*** Opening of Raw data ***

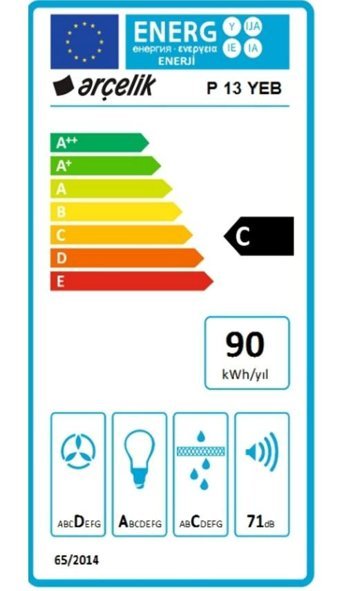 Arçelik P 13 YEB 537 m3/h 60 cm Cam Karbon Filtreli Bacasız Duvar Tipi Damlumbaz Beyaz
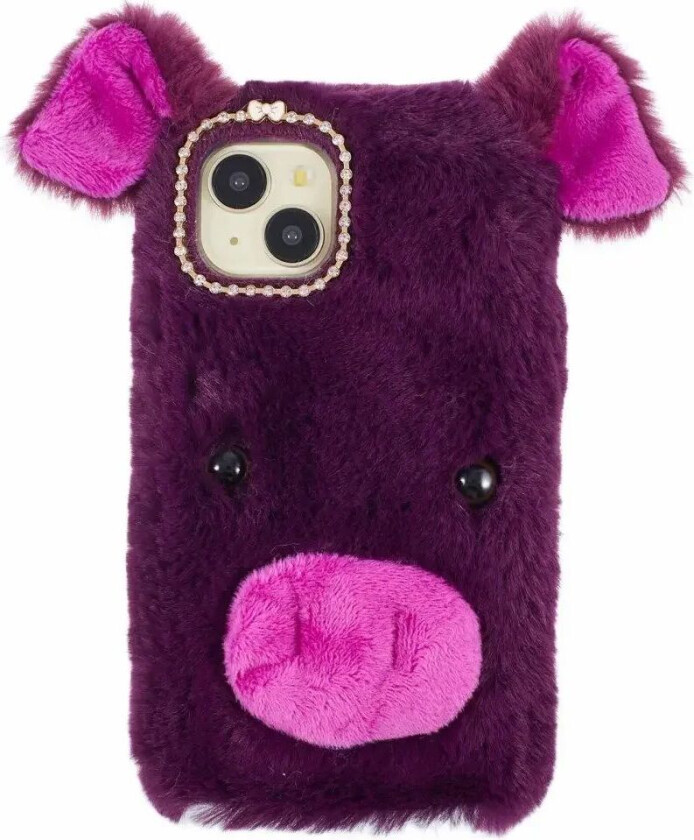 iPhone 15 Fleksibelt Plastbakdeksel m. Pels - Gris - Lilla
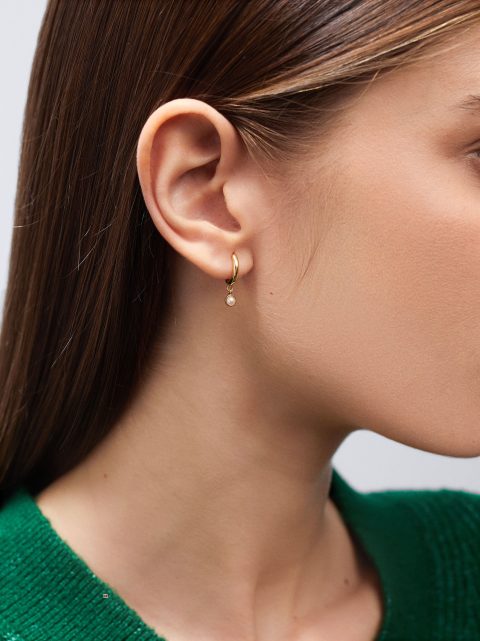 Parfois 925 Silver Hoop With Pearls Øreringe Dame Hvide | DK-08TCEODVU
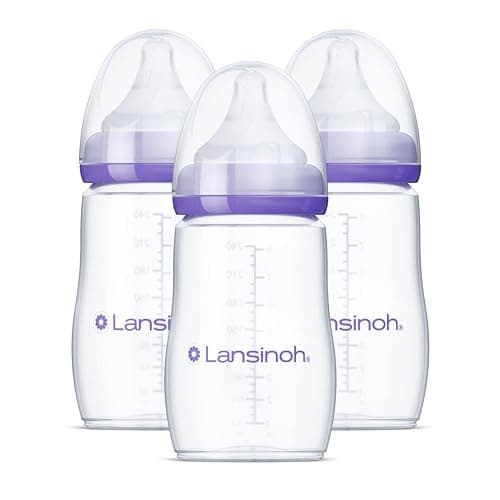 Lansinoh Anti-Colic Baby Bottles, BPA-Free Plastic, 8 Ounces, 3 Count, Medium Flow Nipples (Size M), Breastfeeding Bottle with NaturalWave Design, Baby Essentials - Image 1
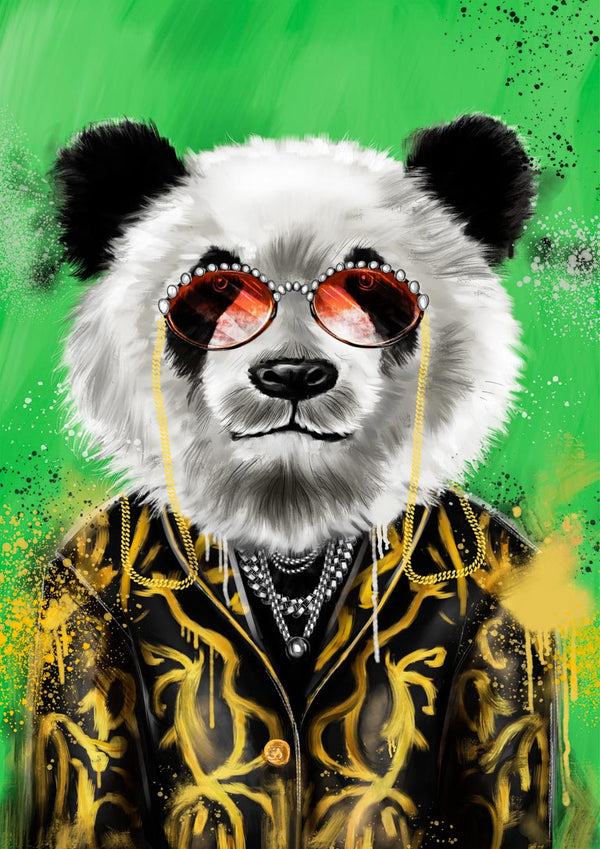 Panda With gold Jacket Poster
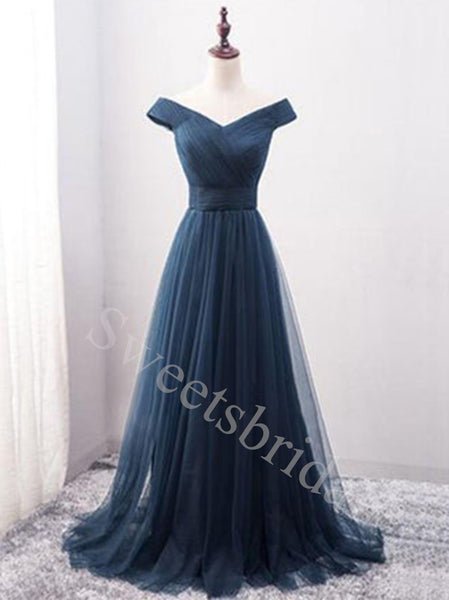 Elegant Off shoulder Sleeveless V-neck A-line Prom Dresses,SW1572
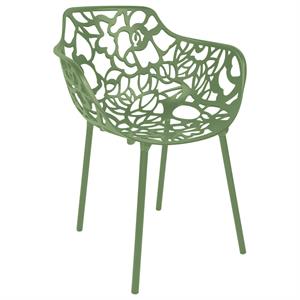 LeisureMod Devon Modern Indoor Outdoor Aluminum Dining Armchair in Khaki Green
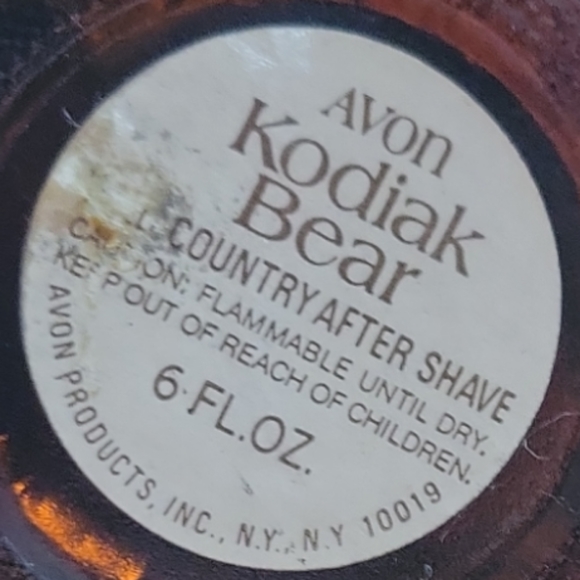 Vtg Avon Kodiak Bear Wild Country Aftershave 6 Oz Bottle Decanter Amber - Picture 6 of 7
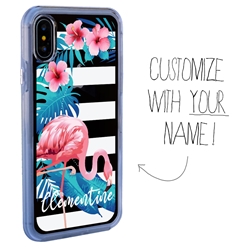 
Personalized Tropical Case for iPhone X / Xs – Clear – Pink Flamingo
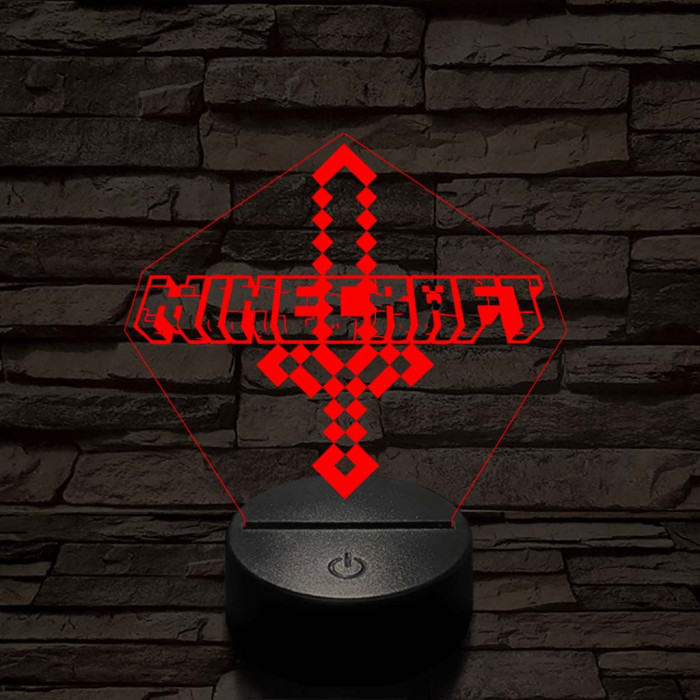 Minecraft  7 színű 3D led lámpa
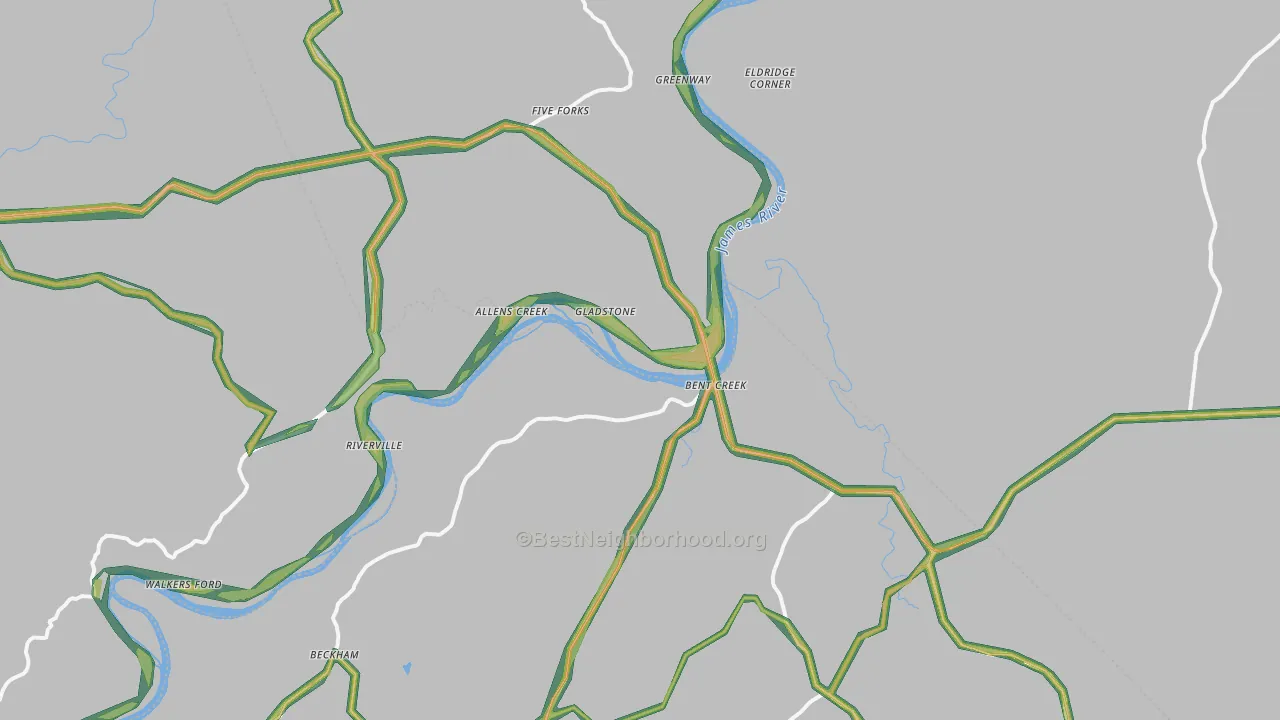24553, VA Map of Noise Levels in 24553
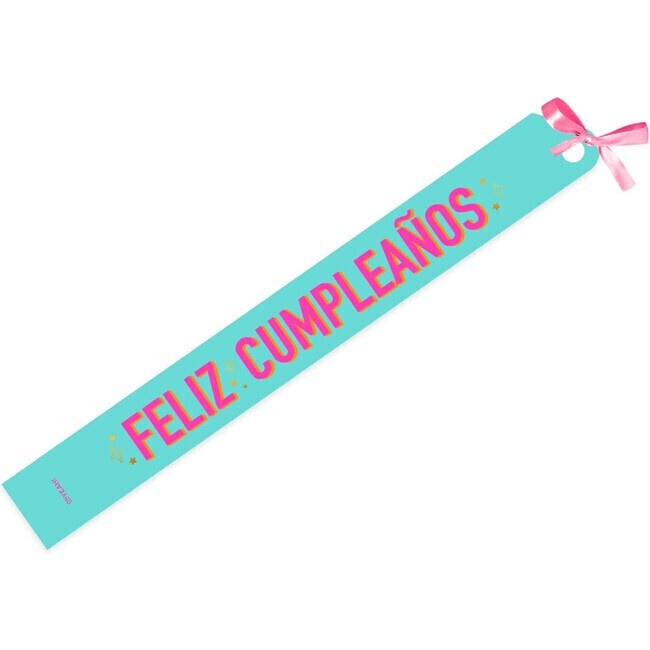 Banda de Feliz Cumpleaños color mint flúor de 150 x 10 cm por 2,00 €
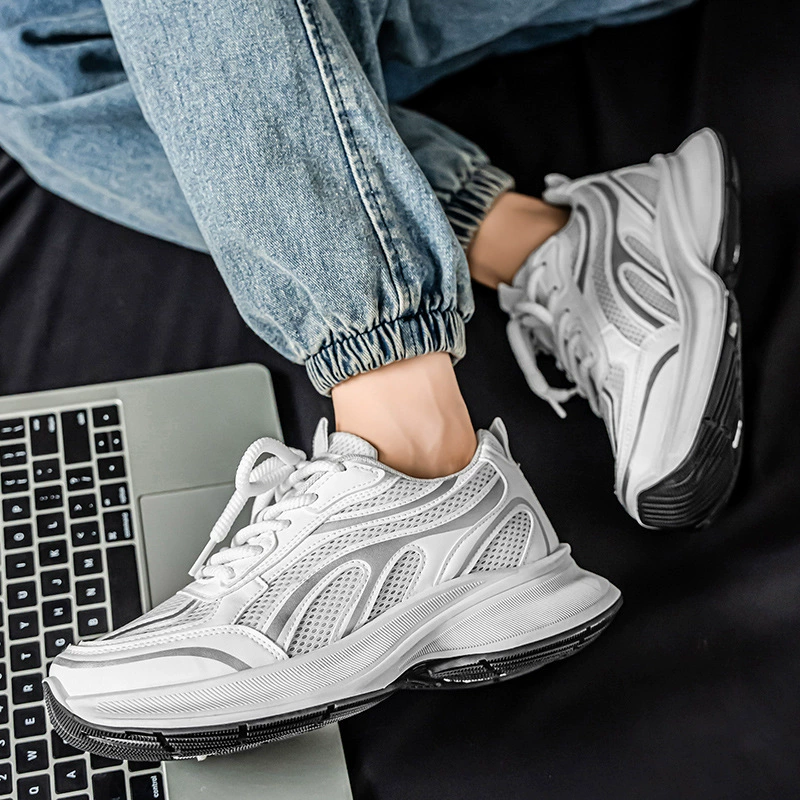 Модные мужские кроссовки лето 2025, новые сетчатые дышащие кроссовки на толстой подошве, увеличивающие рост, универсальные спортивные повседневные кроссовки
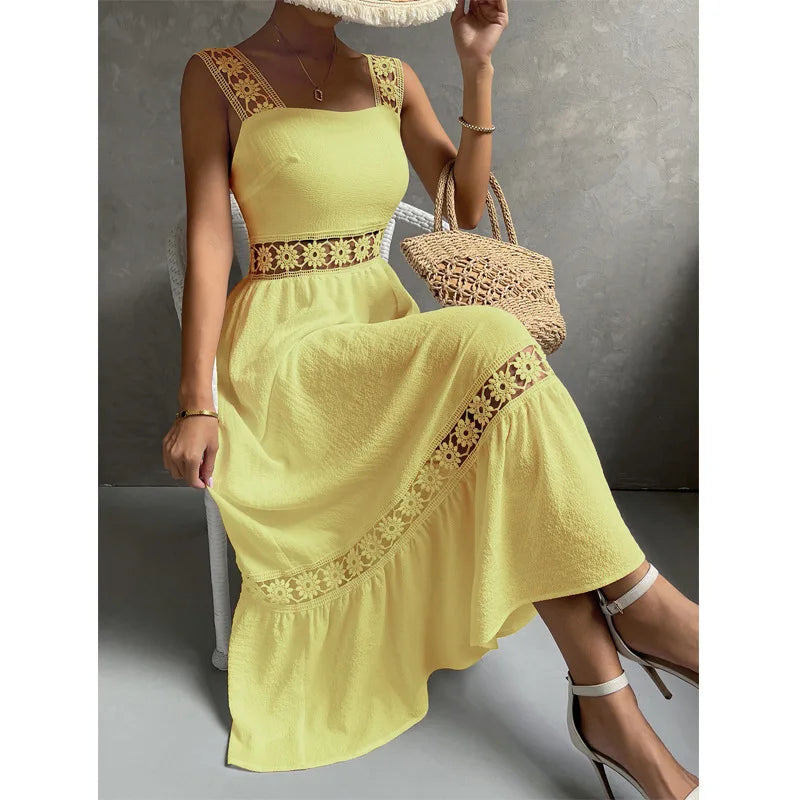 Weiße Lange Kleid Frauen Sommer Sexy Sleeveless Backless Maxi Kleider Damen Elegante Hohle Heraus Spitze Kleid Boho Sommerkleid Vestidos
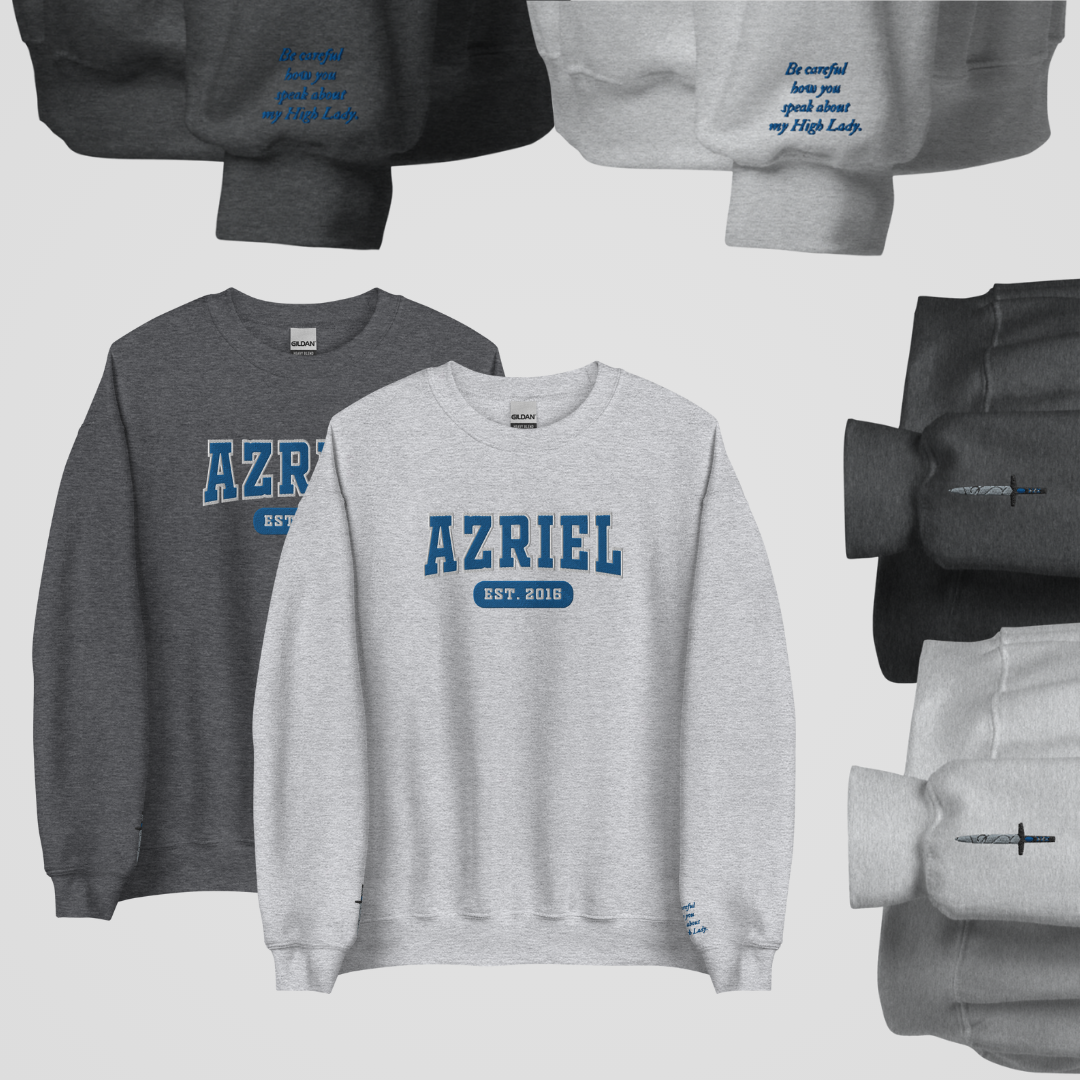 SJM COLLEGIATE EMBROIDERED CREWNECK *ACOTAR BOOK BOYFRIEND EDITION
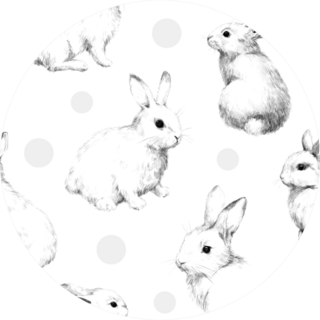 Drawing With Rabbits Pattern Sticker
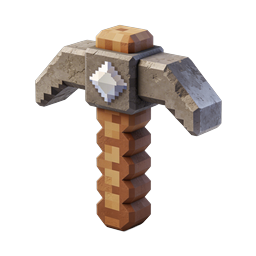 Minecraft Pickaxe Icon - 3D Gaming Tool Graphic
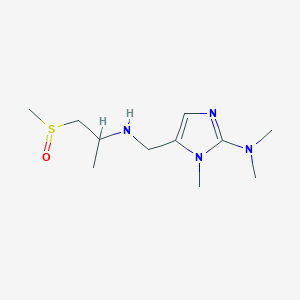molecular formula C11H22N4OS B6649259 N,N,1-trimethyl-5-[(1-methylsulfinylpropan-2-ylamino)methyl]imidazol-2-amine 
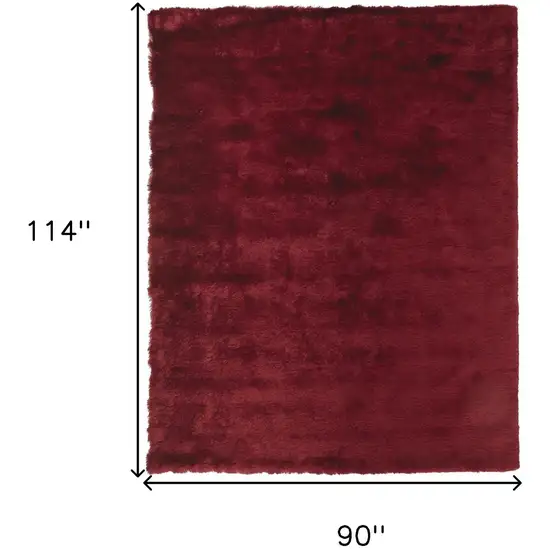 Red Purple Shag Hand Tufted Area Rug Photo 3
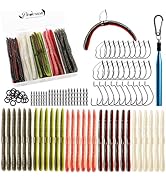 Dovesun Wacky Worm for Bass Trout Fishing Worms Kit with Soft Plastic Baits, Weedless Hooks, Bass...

*** Close of Raw data ***

● Directions for this task
The lines to be quoted run from the line containing "molecular formula C11H22N4OS" through the end of the entries above, both included; quote them exactly and leave out any pictures.

● Response area
molecular formula C11H22N4OS B6649259 N,N,1-trimethyl-5-[(1-methylsulfinylpropan-2-ylamino)methyl]imidazol-2-amine 
 Red Purple Shag Hand Tufted Area Rug Photo 3
 Dovesun Wacky Worm for Bass Trout Fishing Worms Kit with Soft Plastic Baits, Weedless Hooks, Bass...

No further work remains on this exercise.